*DIRECTIONS FOR THIS TASK:* Where the listing shows an image, skip it and output all other material unchanged.
━━━━━━━━━━━━━━━━━━━━
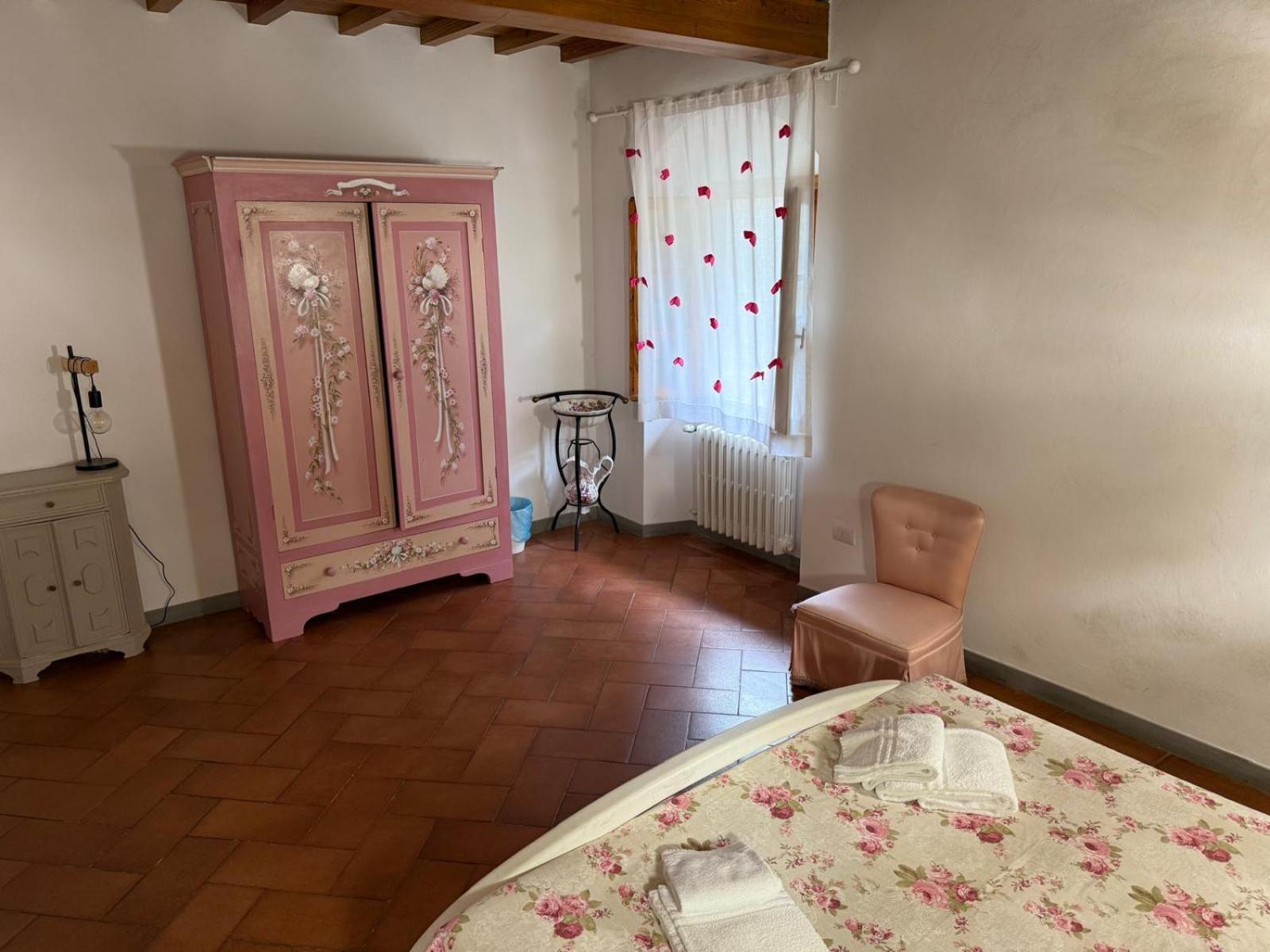 B&B Villa Bianca Sant'Agata (Florence) Exterior foto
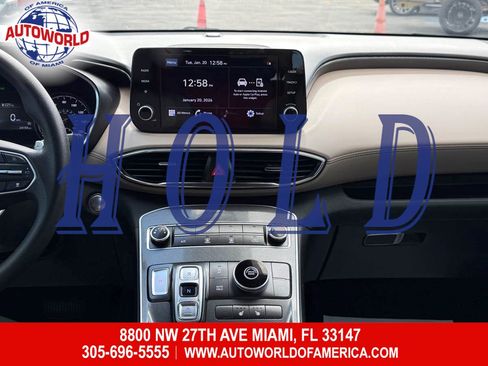 Used 2022 Hyundai Santa Fe SEL image 18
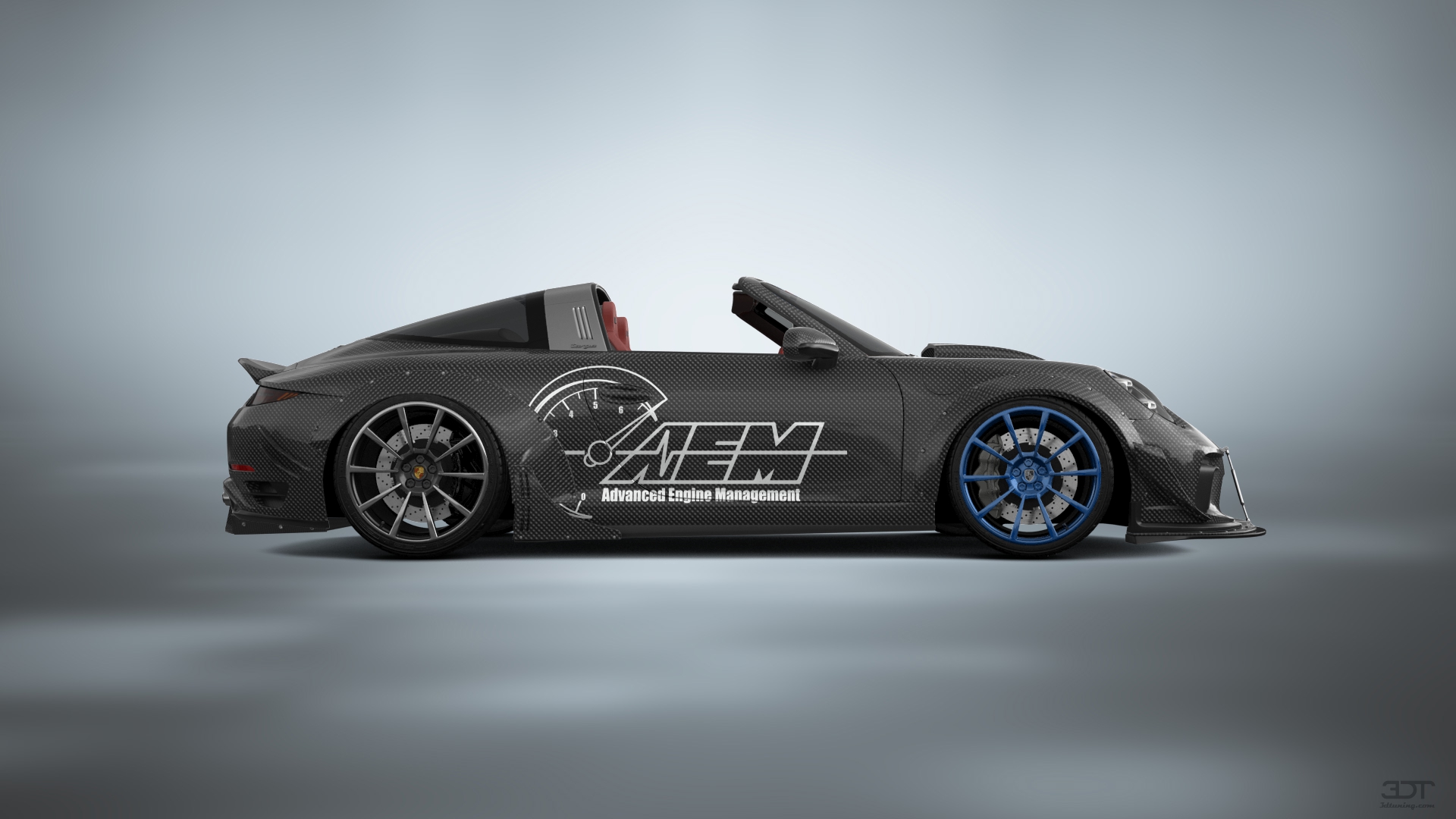 Porsche 911 Carrera Targa top 2014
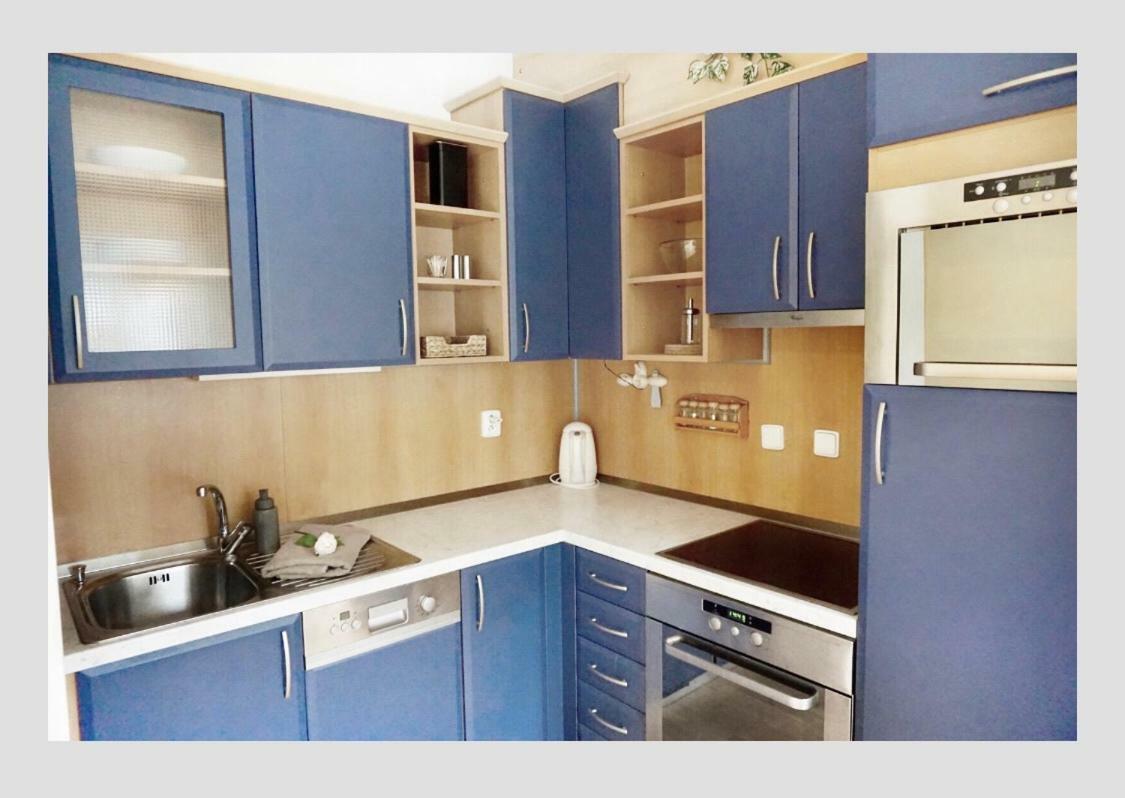 Central Suites - Špindlerův mlýn Eksteriør bilde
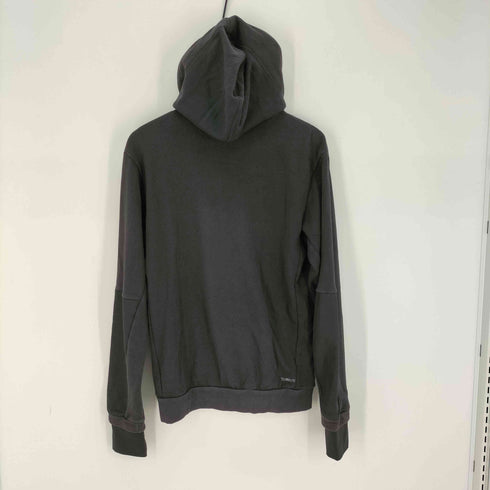 アディダス adidas サムホール ジップアップパーカー メンズ JPN:L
━━━━━━━━━━━━━━━━━━━━
*FINISHED EXERCISE:*
 B&B Villa Bianca Sant'Agata (Florence) Exterior foto
 Used 2022 Hyundai Santa Fe SEL image 18
 Porsche 911 Carrera Targa top 2014
 Central Suites - Špindlerův mlýn Eksteriør bilde
 アディダス adidas サムホール ジップアップパーカー メンズ JPN:L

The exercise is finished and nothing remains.